Scraped caption text data:
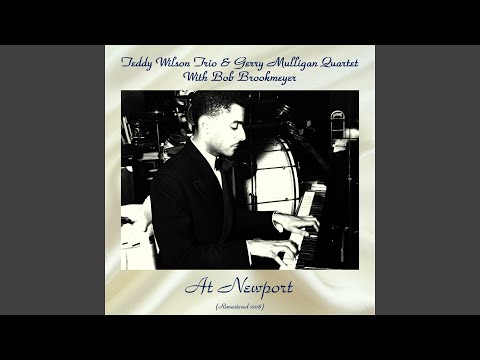 Stompin' At The Savoy (Remastered 2018)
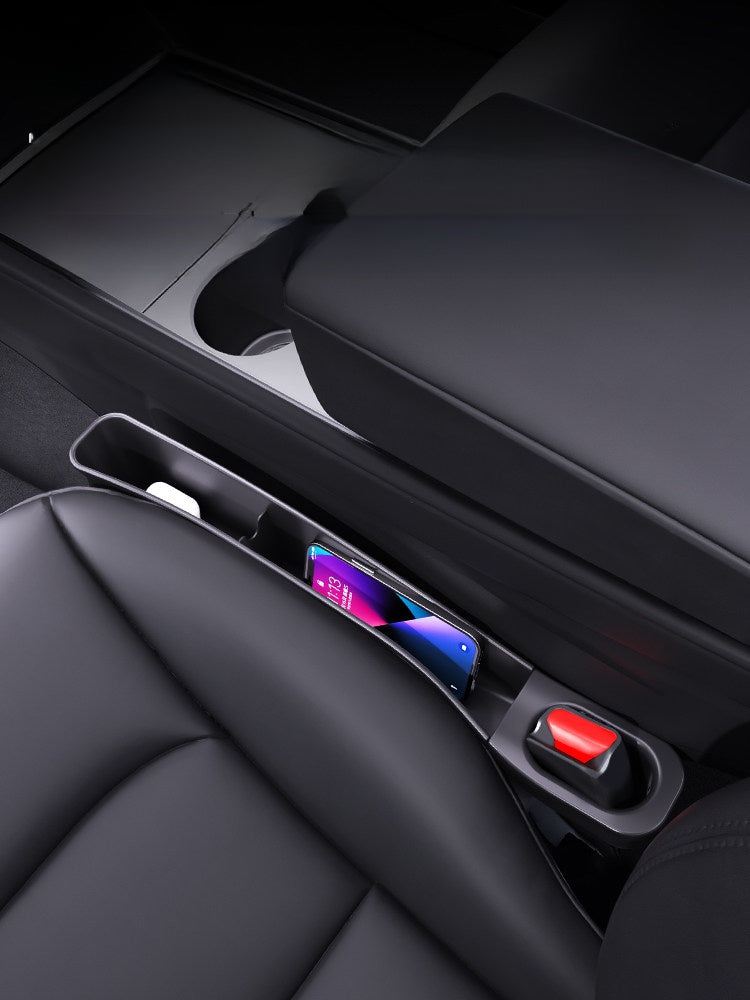 Tesla Seat Gap Storage Organizer RegenaLife Market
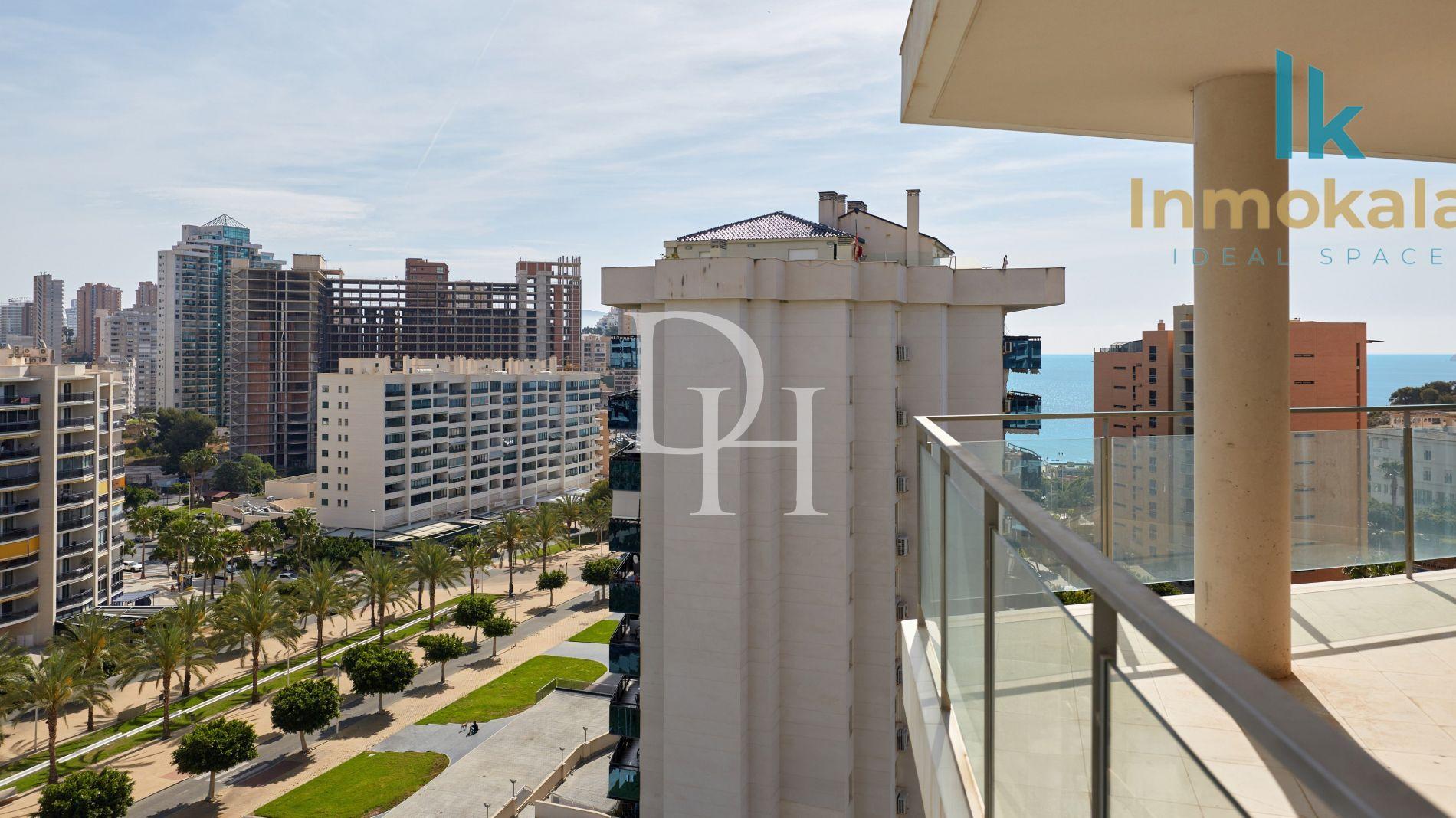 Appartement, Spanien, region Valencia, Benidorm, 209 000 € foto 1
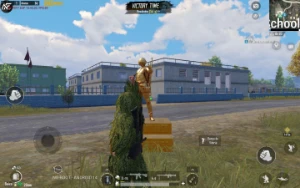 Hack Pubg Android Sem Root 10000%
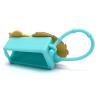 Buy cheap Waterless Silicone 75% Alcohol 30ml Hand Sanitizer Holder from wholesalers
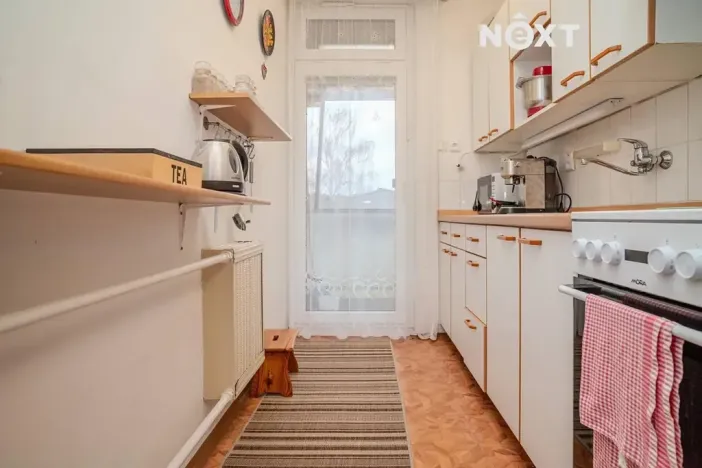 Prodej bytu 3+1, Dubné, 65 m2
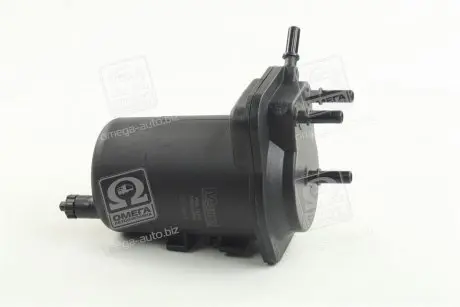 Фильтр курил. NISSAN (выр-во) M-FILTER DF3514
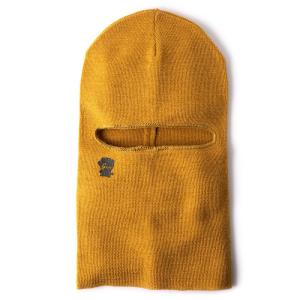 グリップスワニー Grip Swany GS BALACLAVA MUSTARD GSA-101｜vic2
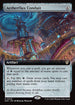 DRC 033 Aetherflux Conduit (0033 - Extended Art) R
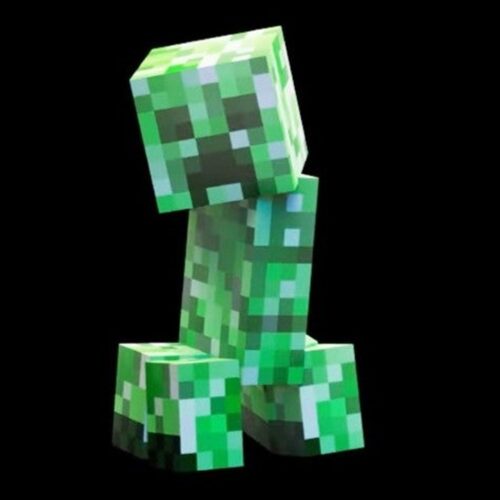 سریال انیمیشنی ماینکرفت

YOUR ASSIGNMENT:
Retype each record exactly as it stands, but do not include the pictures.

SOLUTION TO THIS PROBLEM:
 Stompin' At The Savoy (Remastered 2018)
 Tesla Seat Gap Storage Organizer RegenaLife Market
 Appartement, Spanien, region Valencia, Benidorm, 209 000 € foto 1
 Hack Pubg Android Sem Root 10000%
 Buy cheap Waterless Silicone 75% Alcohol 30ml Hand Sanitizer Holder from wholesalers
 Prodej bytu 3+1, Dubné, 65 m2
 Фильтр курил. NISSAN (выр-во) M-FILTER DF3514
 グリップスワニー Grip Swany GS BALACLAVA MUSTARD GSA-101｜vic2
 DRC 033 Aetherflux Conduit (0033 - Extended Art) R
 سریال انیمیشنی ماینکرفت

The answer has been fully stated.